Polynomial fitting baseline correction.

Polynomial baseline fit.

Parameters:

Name Type Description Default
x ndarray

Wavenumbers.

required
y ndarray

Signal.

required
order int

Polynomial order.

3

Returns:

Type Description
ndarray

np.ndarray: Baseline values.

baseline_rubberband

Rubberband baseline correction.

Rubberband baseline via convex hull interpolation.

Parameters:

Name Type Description Default
x ndarray

Wavenumber axis (1D, increasing).

required
y ndarray

Signal values.

required

Returns:

Type Description
ndarray

np.ndarray: Baseline values along x.

Normalization

VectorNormalizer

L2 vector normalization.

Bases: BaseEstimator, TransformerMixin

Vector normalization across the spectral axis.

Parameters:

Name Type Description Default
norm Literal['l1', 'l2', 'max']

Normalization type.
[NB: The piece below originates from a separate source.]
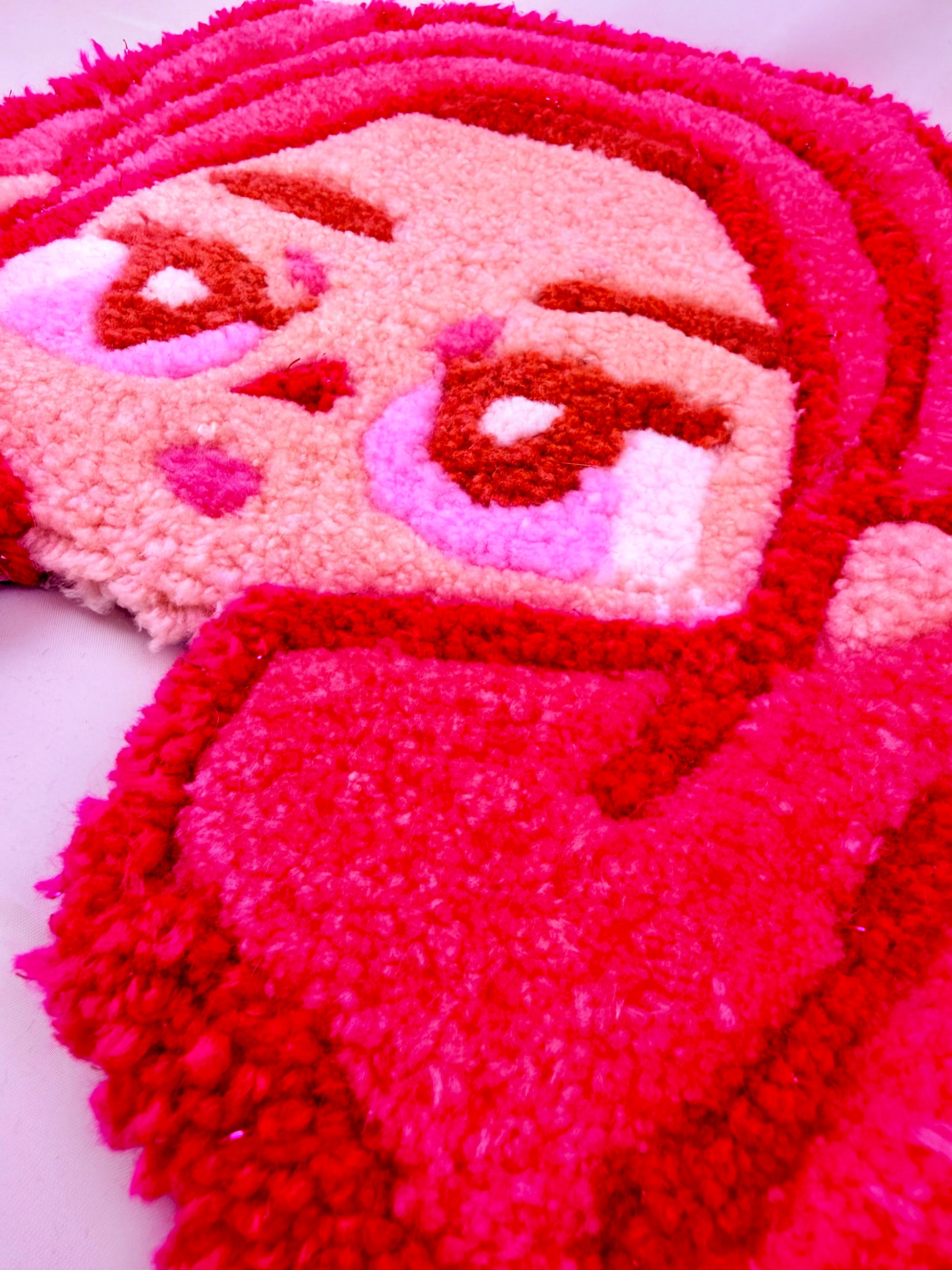 Close-up of a textured pink tufted rug of with a face design on a white background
One of "l1", "l2", or "max".

'l2'

Examples:

>>> from foodspec.preprocess import VectorNormalizer
>>> import numpy as np
>>> X = np.array([[1, 2, 3], [4, 5, 6]], dtype=float)
>>> normalizer = VectorNormalizer(norm="l2")
>>> X_norm = normalizer.fit_transform(X)
>>> np.allclose(np.linalg.norm(X_norm, axis=1), 1.0)
True

SNVNormalizer

Standard Normal Variate normalization.

Bases: BaseEstimator, TransformerMixin

Standard Normal Variate (SNV) normalization.

Centers each spectrum to zero mean and unit variance. Useful for reducing multiplicative scatter and additive baseline effects in NIR/Raman spectra.

Examples:

>>> from foodspec.preprocess import SNVNormalizer
>>> import numpy as np
>>> X = np.array([[1, 2, 3], [4, 5, 6]], dtype=float)
>>> normalizer = SNVNormalizer()
>>> X_norm = normalizer.fit_transform(X)
>>> np.allclose(X_norm.mean(axis=1), 0.0, atol=1e-12)
True
>>> np.allclose(X_norm.std(axis=1), 1.0)
True

AreaNormalizer

Area-under-curve normalization.

Bases: BaseEstimator, TransformerMixin

Normalize spectra to unit area under the curve.

Uses trapezoidal integration to compute area and scales each spectrum so its integral equals 1.

Examples:

>>> from foodspec.preprocess import AreaNormalizer
>>> import numpy as np
>>> X = np.array([[1, 2, 3], [4, 5, 6]], dtype=float)
>>> normalizer = AreaNormalizer()
>>> X_norm = normalizer.fit_transform(X)
>>> np.allclose(np.trapezoid(X_norm[0]), 1.0, atol=0.1)
True

Smoothing

SavitzkyGolaySmoother

Savitzky-Golay filter for smoothing and derivatives.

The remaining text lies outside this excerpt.